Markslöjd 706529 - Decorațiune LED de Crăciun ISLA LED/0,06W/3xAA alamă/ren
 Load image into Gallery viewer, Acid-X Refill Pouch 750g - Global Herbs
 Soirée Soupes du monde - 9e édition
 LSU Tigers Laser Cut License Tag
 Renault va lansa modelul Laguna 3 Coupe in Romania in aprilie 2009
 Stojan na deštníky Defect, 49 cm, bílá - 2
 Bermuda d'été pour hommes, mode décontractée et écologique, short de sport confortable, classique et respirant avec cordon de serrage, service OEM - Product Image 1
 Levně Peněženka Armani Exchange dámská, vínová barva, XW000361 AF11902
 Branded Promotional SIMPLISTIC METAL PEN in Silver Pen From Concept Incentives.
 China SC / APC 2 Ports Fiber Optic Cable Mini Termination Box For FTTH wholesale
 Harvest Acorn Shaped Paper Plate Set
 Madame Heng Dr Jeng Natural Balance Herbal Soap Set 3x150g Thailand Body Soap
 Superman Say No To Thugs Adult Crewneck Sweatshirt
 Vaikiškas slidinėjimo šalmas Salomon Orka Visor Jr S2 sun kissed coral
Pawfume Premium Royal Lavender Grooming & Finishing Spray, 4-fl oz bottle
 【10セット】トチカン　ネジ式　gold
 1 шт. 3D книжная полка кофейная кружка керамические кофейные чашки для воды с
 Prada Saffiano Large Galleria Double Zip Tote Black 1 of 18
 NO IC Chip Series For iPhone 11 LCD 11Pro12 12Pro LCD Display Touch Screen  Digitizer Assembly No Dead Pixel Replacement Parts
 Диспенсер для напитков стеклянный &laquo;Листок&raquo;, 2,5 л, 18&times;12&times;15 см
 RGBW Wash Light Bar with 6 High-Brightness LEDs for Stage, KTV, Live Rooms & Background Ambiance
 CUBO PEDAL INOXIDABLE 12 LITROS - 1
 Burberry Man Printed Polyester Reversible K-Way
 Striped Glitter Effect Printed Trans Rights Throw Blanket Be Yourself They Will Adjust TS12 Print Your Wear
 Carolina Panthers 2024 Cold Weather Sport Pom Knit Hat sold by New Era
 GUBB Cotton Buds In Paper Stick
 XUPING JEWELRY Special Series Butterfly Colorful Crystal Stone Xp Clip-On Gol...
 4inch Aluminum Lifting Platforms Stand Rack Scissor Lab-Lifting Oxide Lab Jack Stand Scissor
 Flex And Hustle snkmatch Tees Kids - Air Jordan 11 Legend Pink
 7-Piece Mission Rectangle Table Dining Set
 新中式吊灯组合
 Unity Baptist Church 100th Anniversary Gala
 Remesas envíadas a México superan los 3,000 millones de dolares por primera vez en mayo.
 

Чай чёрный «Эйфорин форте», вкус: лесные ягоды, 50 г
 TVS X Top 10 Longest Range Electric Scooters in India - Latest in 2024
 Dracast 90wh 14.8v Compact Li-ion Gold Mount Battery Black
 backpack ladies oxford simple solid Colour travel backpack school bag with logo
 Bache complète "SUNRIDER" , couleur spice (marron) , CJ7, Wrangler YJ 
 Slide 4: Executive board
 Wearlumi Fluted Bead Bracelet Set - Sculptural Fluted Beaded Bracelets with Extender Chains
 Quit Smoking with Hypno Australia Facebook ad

○ ○ ○ ○ ○

Action item =
In the entries above, count each line that includes "Series" and report the total with no other text.

Result for this exercise =
2